What if youre impatient like I am and dont feel like waiting 5-10 minutes or however long it takes and would just rather take out the fuse and deflood it that way if youre having some bad luck unflooding it

Is this the bad decision to make ?

I ask because I heard its bad for the bearings in the engine to take out the fuse and deflood with the fuse out because the bearings get more stress, is that true ?

I would 2ndly think its bad because you said if you have to deflood the car by taking out the fuse it means the car was worsely flooded and requires an oil change sooner because of this , although I plan on changing my oil every 1000-1500 miles anyways.

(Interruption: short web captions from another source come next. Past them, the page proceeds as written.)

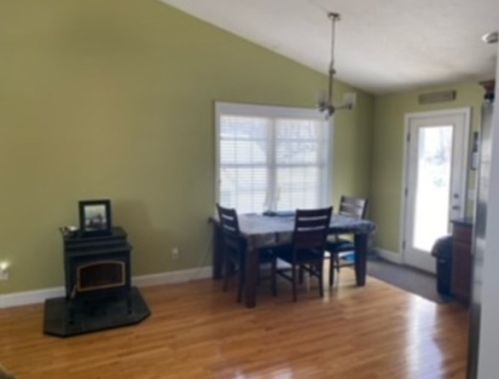 44 Dawson Rd, Worcester MA 01602-1213 exterior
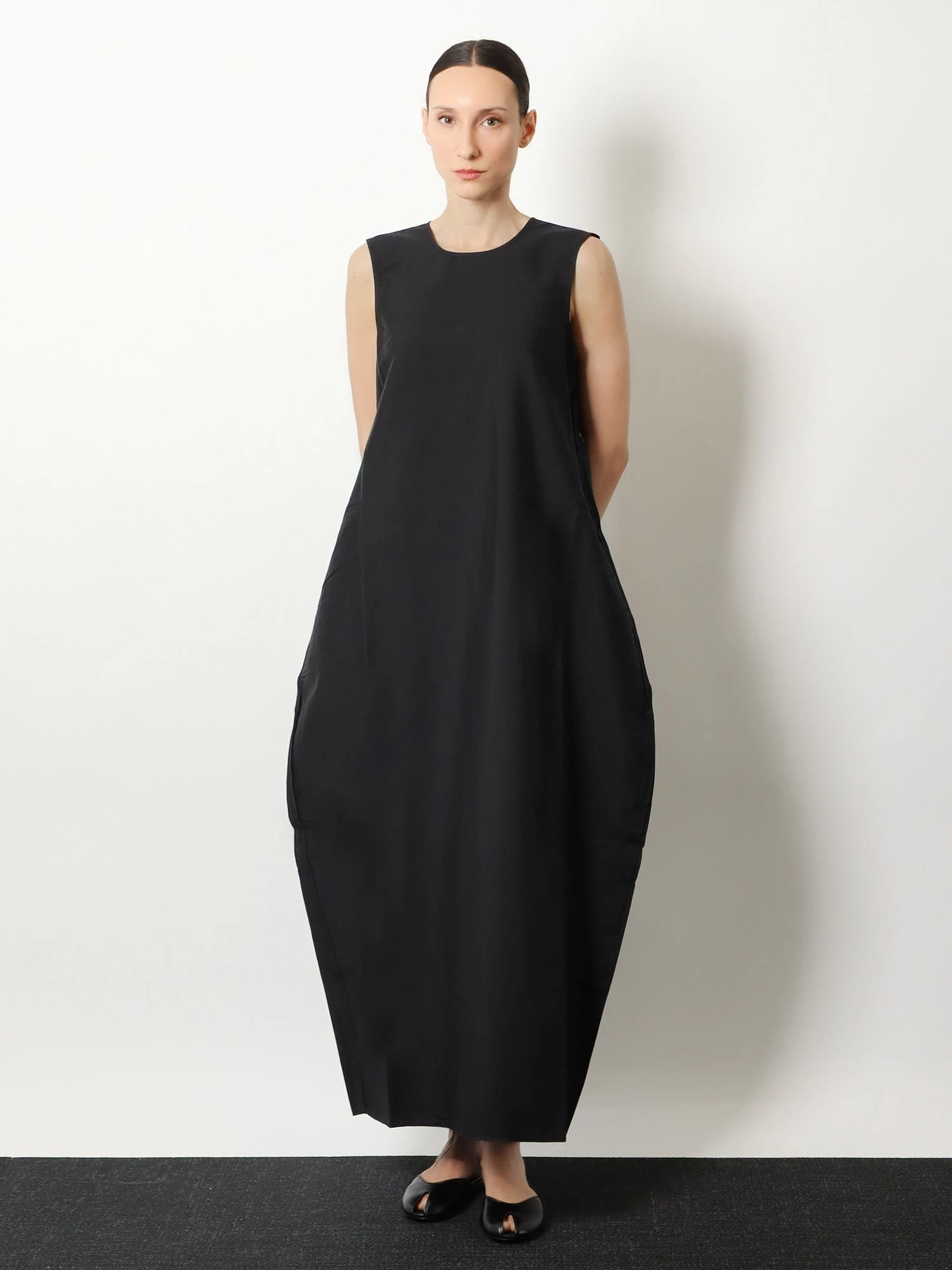 Hourglass linen and silk blend long dress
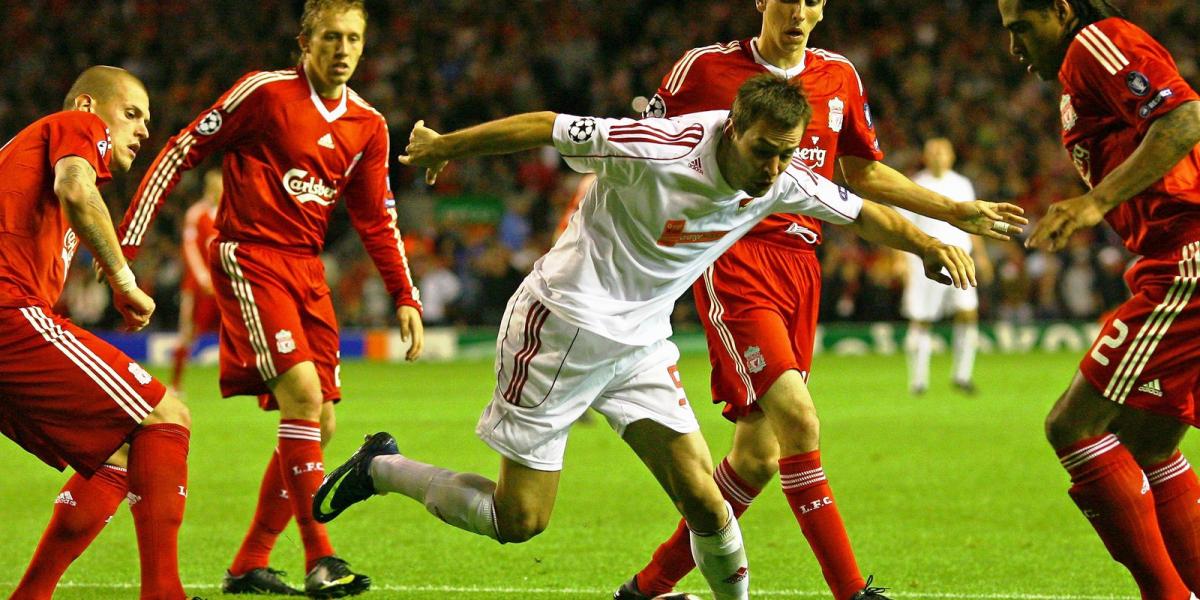 Szakály Péter középen a Liverpool elleni 2009-es meccsen. FOTÓ: Alex Livesey/Getty Images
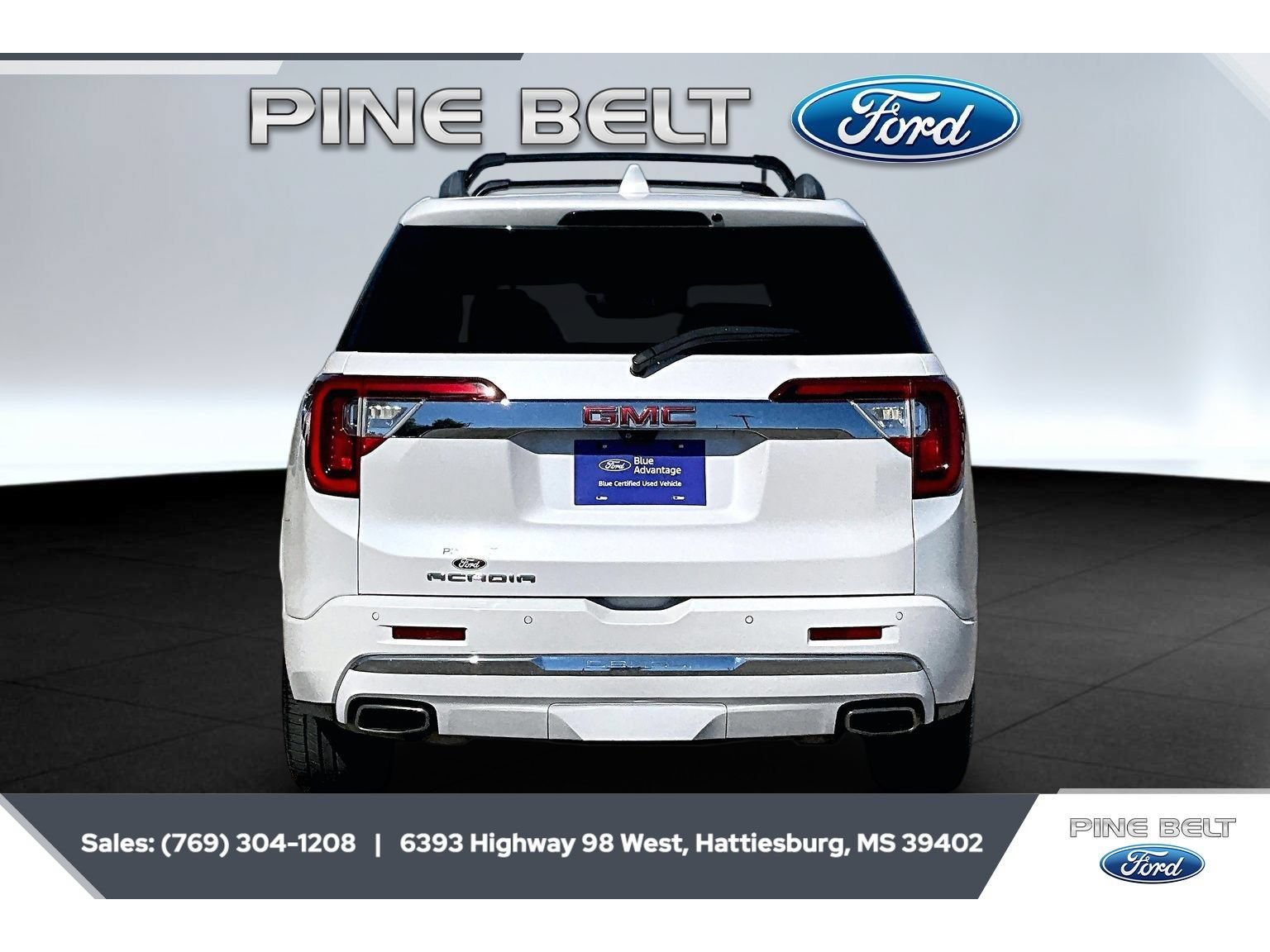 Used 2021 GMC Acadia Denali w/ Denali Technology Package FWD image 4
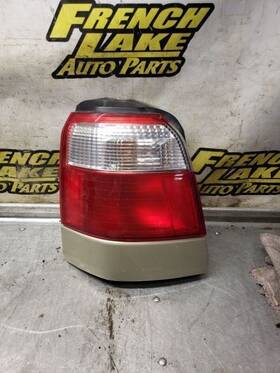 166-59254l Subaru Driver Left Tail Light Quarter Panel Mounted Fits 01-02 Forester
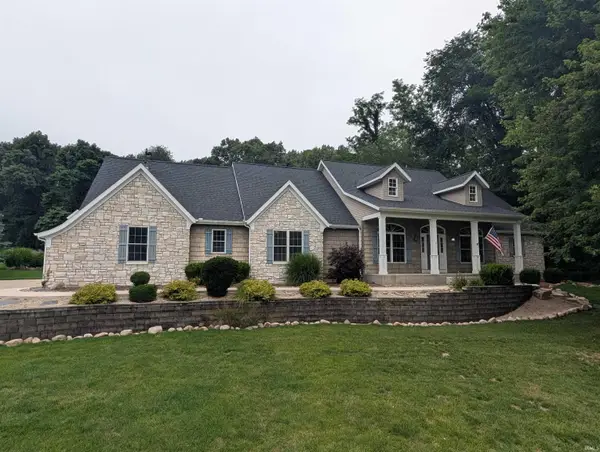 55755 Little Creek Lane, Middlebury, IN 46540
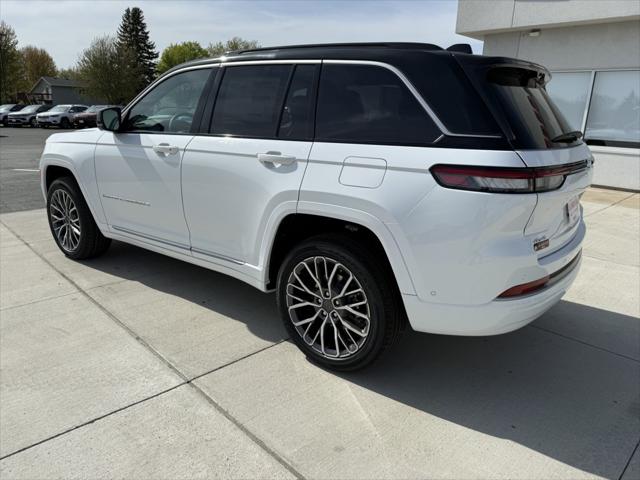 2026 Jeep Grand Cherokee Summit 4x4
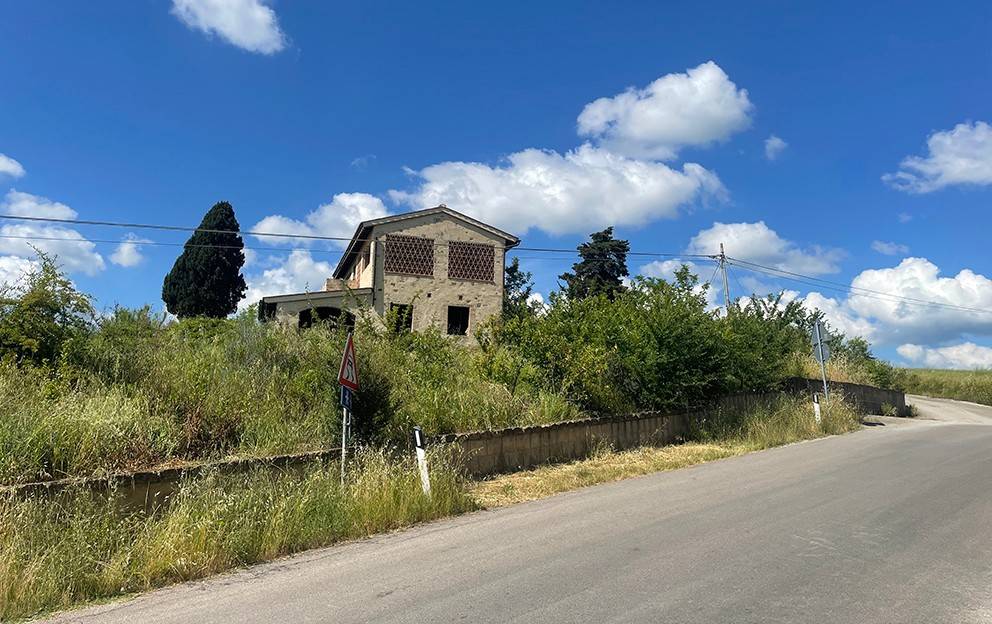 Rustico - casale all'asta località drove, poggibonsi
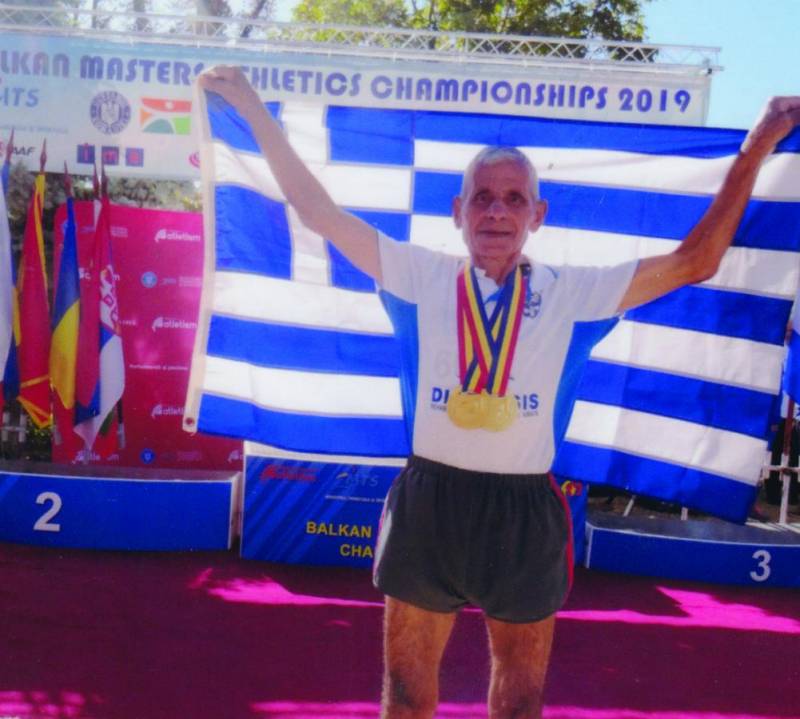 ΣΤΙΒΟΣ ΒΕΤΕΡΑΝΩΝ: Τέσσερα μετάλλια ο Δούσης στους βαλκανικούς αγώνες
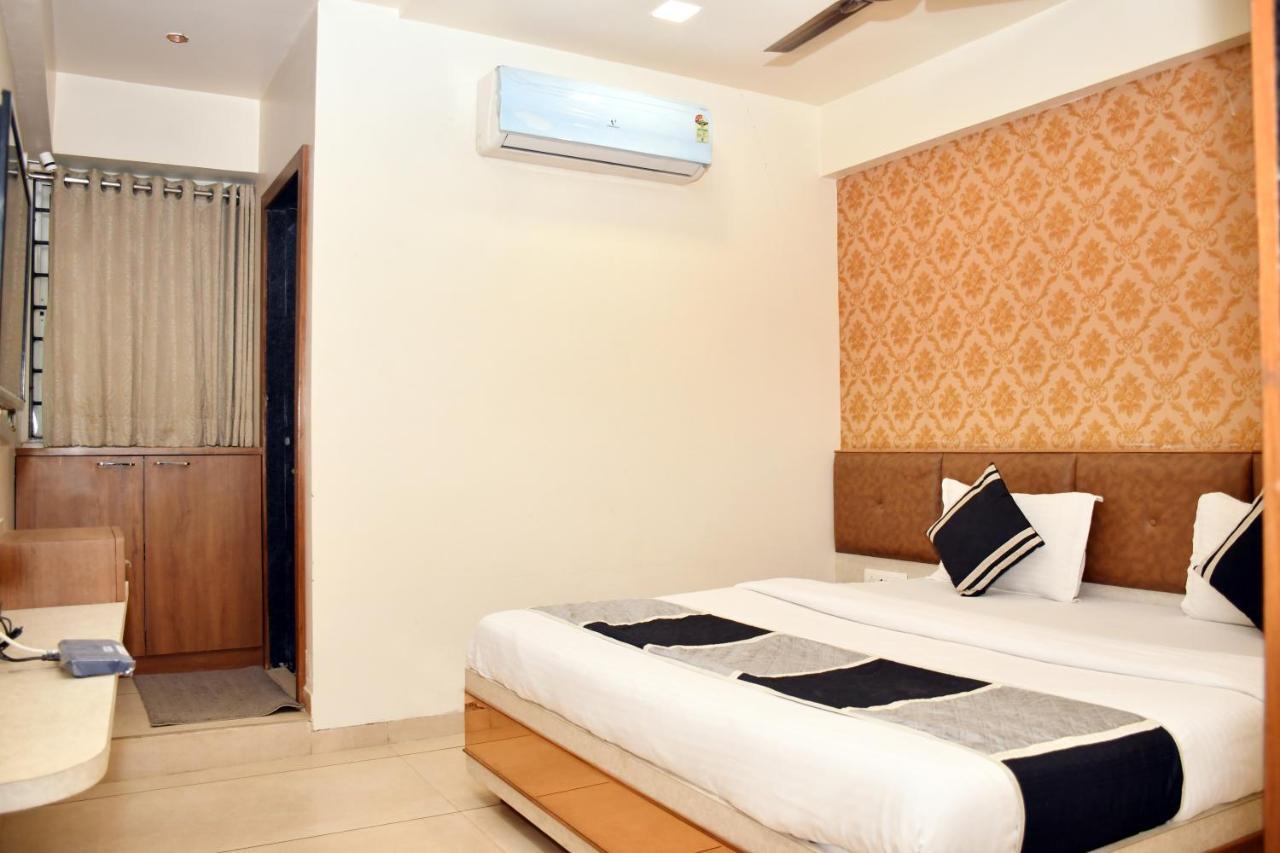 Hotel Bharosa Naroda 4*
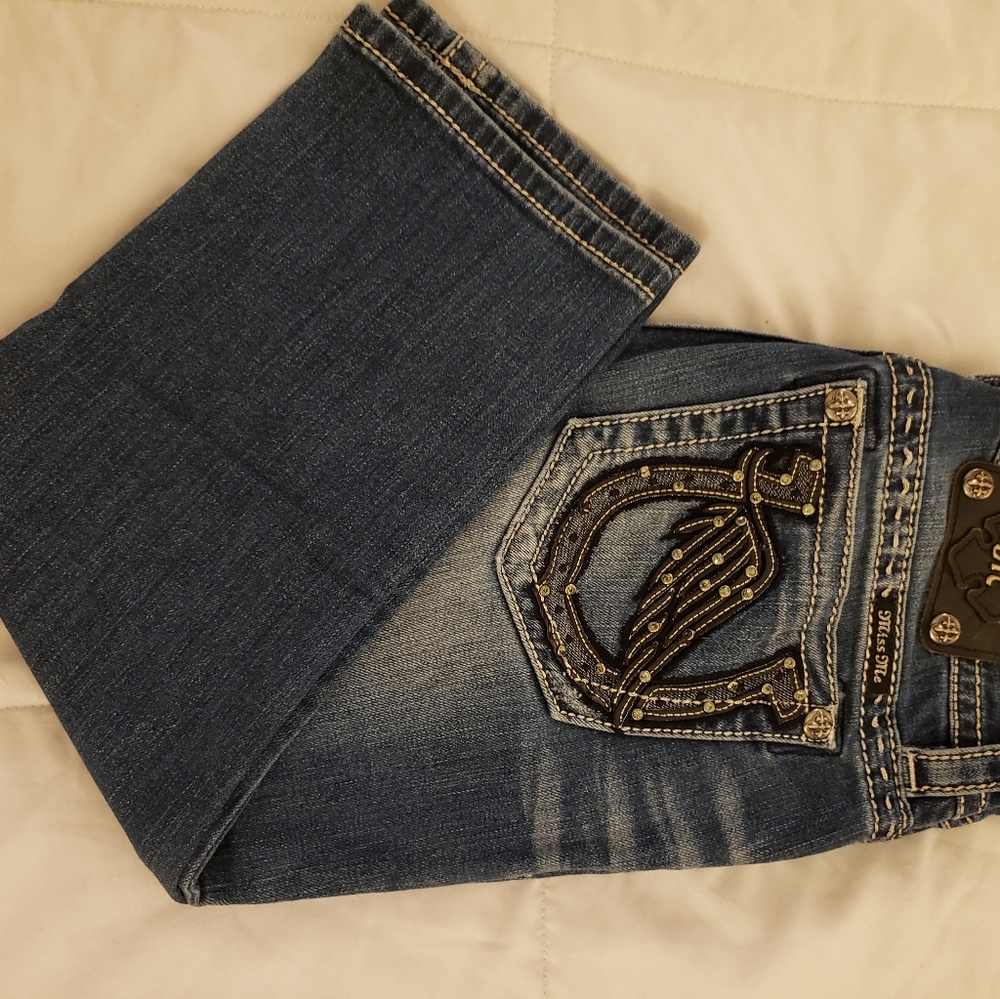 Miss Me Signature Capris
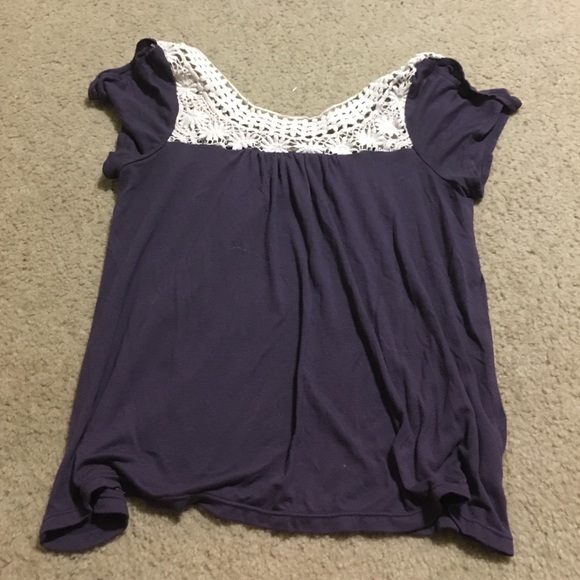 American eagle crochet trim purple blouse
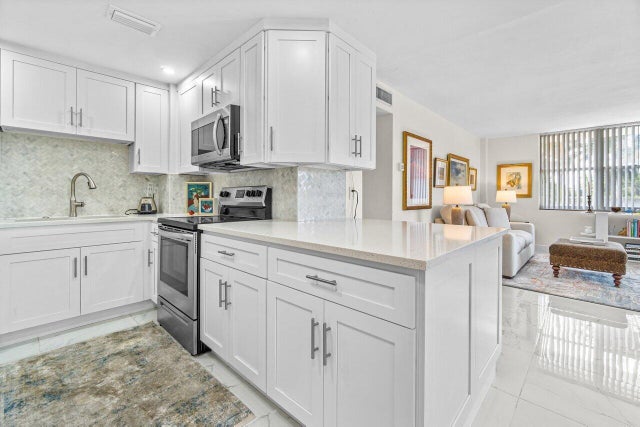3 of 14 - 2600 N Flagler Drive, West Palm Beach, FL
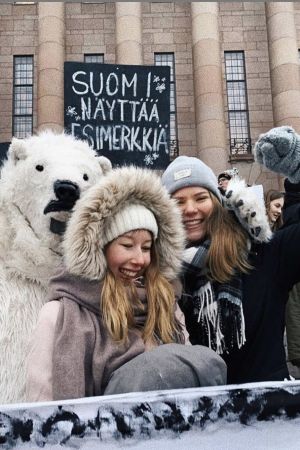 Joanna Fuhrmann och Marika Alkula deltog i protester framför riksdagshuset 2019. Två aktivister står framför riksdagshuset.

I try to change my oil sooner because my speedometer is inoperable at the time so I cant really get an exact mileage of when to change it.
No, you should not crank a car for 5 or 10 minutes. A flood should clear in 15-20 seconds at the most.

The exception to that would be (of course) a motor that was not in mechanically sound condition.

Too many people pull the fuse, thinking that is the correct way, but that can in some cases (such as S5 and S6 motors)pulling the fuse can cause increased wear and further issues related to that.

Again, holding the throttle (accell pedal) all the way down, allows a maximum amount of both air and oil in. Oil helps the apex seals seal again, while the maximum amount of air helps flush out the combustion chambers.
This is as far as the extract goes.